**The data:**
—————
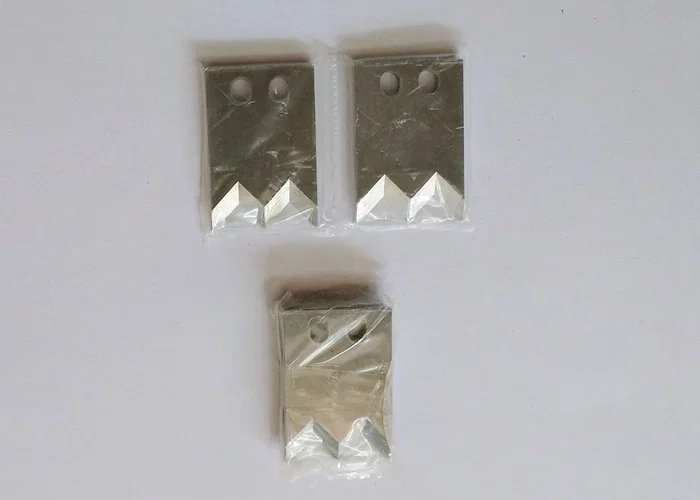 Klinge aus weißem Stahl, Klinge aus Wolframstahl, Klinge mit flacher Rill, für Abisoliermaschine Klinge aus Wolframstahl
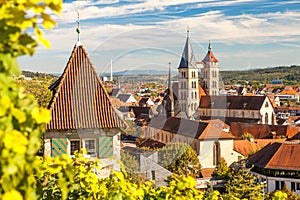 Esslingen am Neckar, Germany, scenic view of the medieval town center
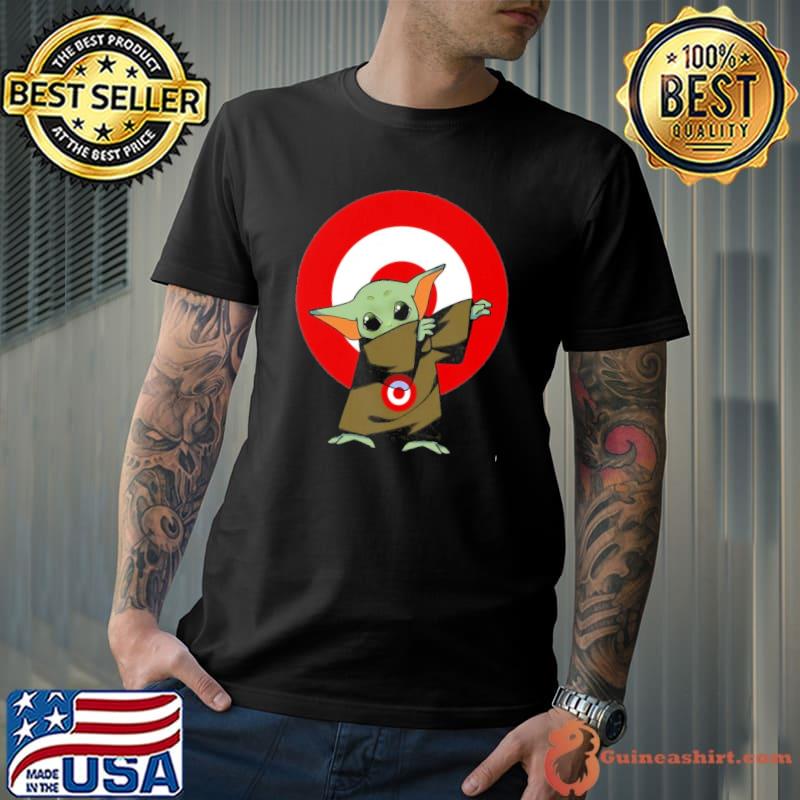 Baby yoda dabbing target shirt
—————
**What you need to do:**
Retype all of the listing above exactly, but keep its pictures out.

**Solution for this exercise:**
 Klinge aus weißem Stahl, Klinge aus Wolframstahl, Klinge mit flacher Rill, für Abisoliermaschine Klinge aus Wolframstahl
 Esslingen am Neckar, Germany, scenic view of the medieval town center
 Baby yoda dabbing target shirt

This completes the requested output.